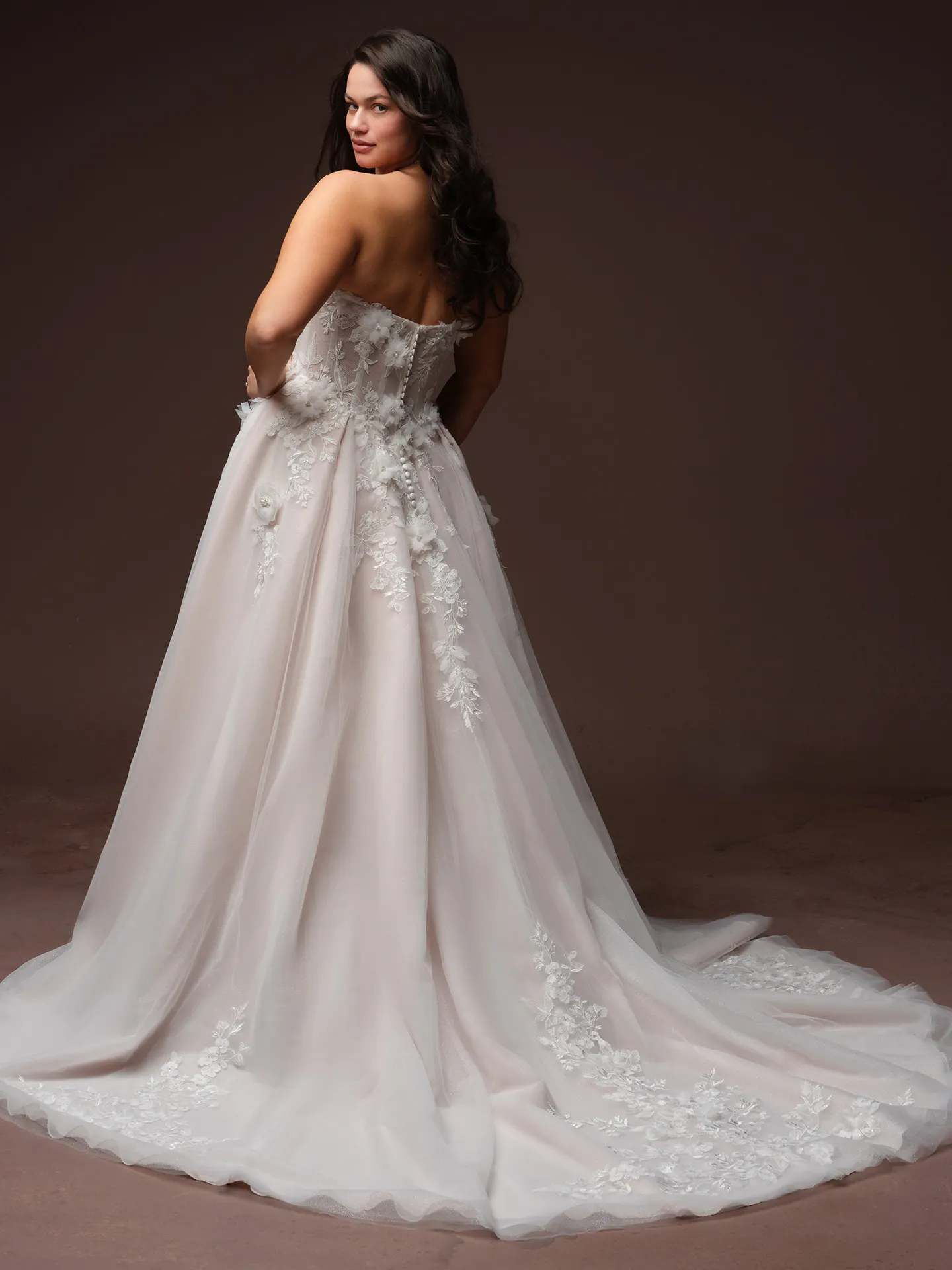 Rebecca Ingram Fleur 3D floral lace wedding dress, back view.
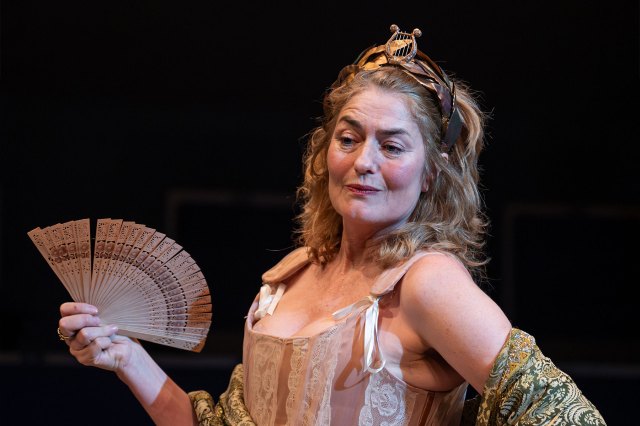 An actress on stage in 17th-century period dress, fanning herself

--

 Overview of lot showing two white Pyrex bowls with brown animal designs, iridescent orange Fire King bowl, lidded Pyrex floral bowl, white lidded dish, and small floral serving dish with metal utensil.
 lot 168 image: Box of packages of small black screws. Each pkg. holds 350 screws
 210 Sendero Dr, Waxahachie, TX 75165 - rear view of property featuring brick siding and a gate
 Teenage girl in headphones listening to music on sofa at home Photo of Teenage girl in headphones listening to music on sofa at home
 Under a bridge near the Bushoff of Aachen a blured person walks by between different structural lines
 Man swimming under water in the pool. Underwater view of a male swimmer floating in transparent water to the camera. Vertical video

--

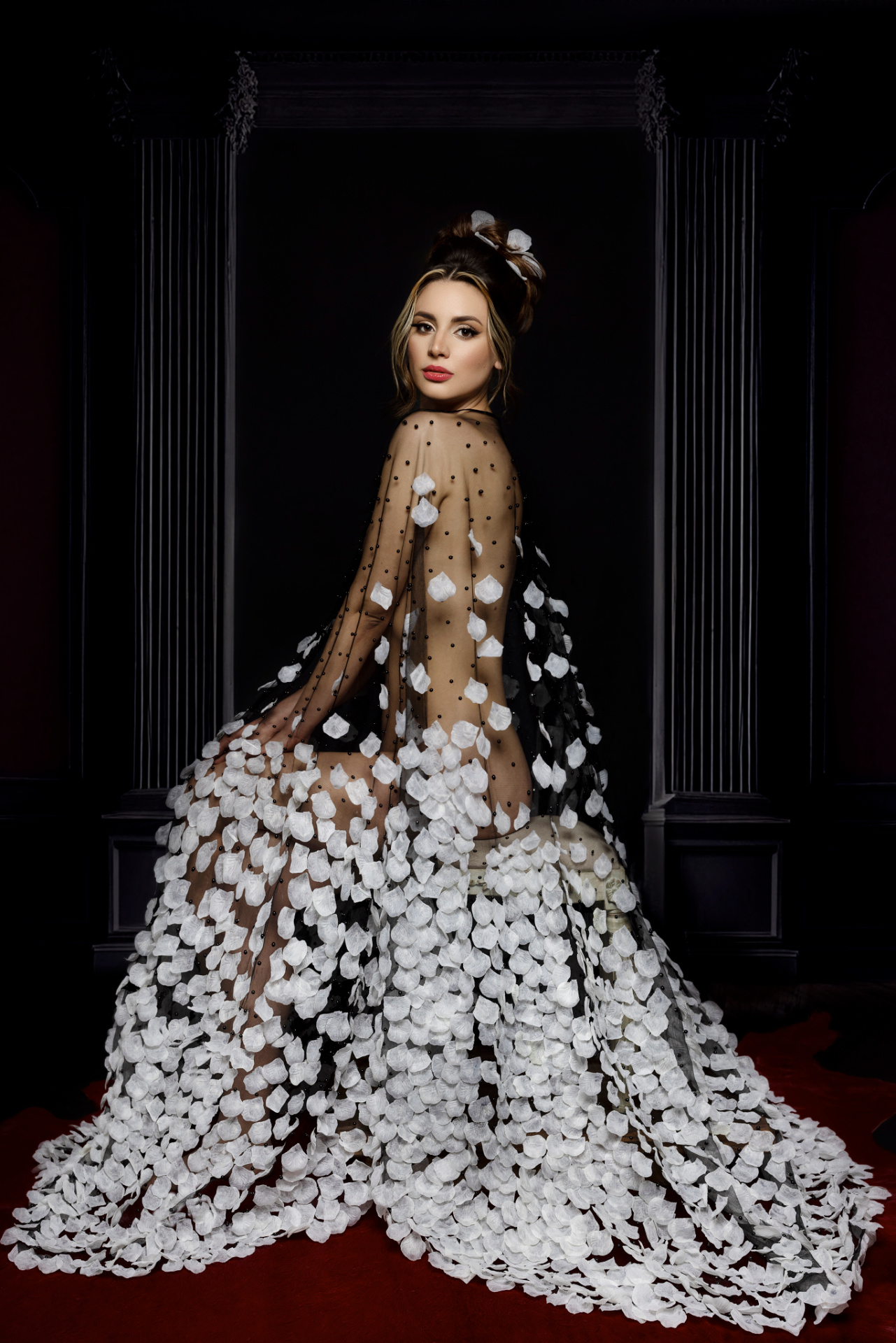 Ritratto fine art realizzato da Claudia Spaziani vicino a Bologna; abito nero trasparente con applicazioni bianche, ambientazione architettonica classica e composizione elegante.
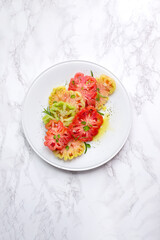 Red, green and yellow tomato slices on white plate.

EXERCISE DESCRIPTION: Between and including the line with "Rebecca Ingram Fleur" and the line with "An actress on", repeat every line exactly as it appears above, with pictures left out.

ANSWER TO THE EXERCISE:
 Rebecca Ingram Fleur 3D floral lace wedding dress, back view.
 An actress on stage in 17th-century period dress, fanning herself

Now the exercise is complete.